#### WORK REQUEST
All records are to be restated word for word, with pictures excluded.

Start of DATA TO EXAMINE

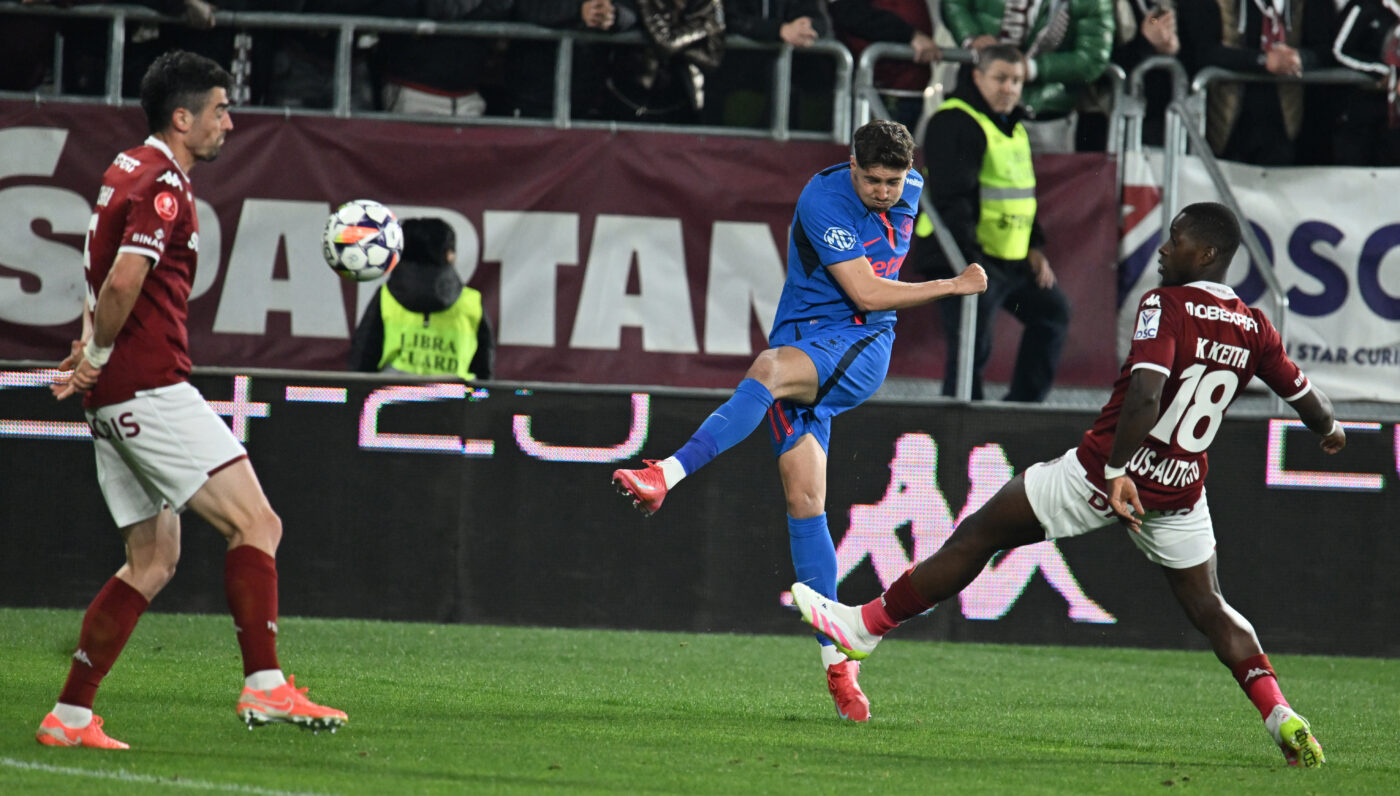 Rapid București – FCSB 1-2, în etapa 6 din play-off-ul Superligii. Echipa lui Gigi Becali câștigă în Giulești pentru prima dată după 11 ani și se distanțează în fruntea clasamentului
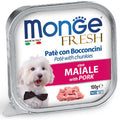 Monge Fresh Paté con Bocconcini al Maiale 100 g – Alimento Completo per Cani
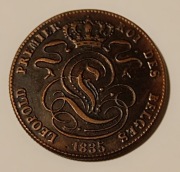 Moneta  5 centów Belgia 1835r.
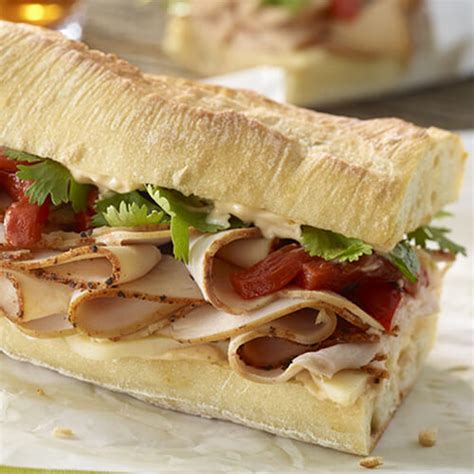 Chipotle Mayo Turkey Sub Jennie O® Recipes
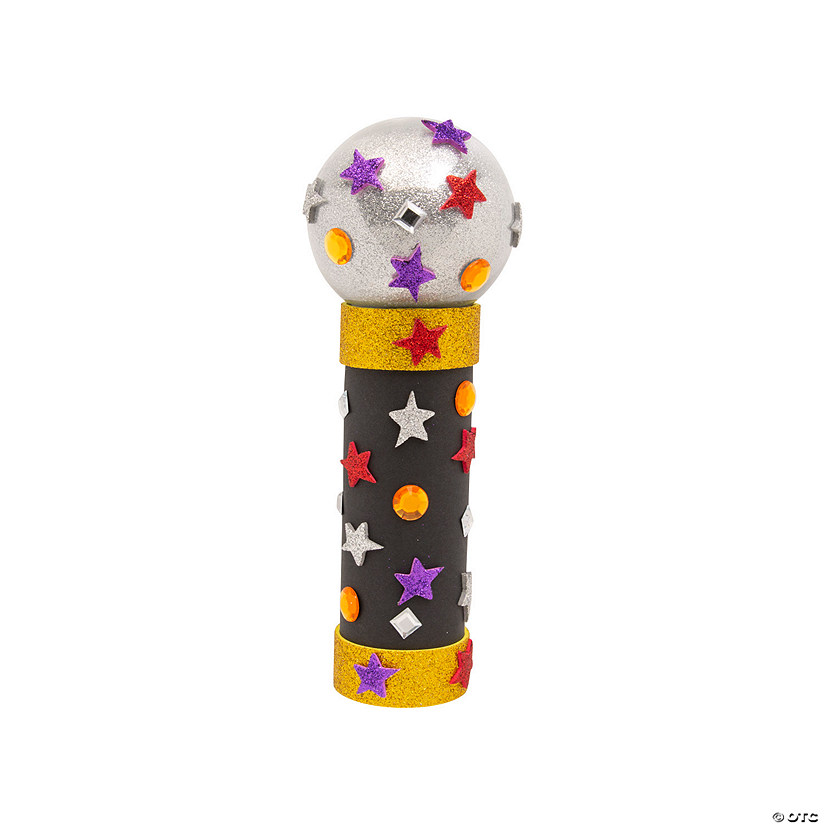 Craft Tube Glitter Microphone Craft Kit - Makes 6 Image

End of DATA TO EXAMINE

#### SOLVED PROBLEM
 Rapid București – FCSB 1-2, în etapa 6 din play-off-ul Superligii. Echipa lui Gigi Becali câștigă în Giulești pentru prima dată după 11 ani și se distanțează în fruntea clasamentului
 Monge Fresh Paté con Bocconcini al Maiale 100 g – Alimento Completo per Cani
 Moneta  5 centów Belgia 1835r.
 Chipotle Mayo Turkey Sub Jennie O® Recipes
 Craft Tube Glitter Microphone Craft Kit - Makes 6 Image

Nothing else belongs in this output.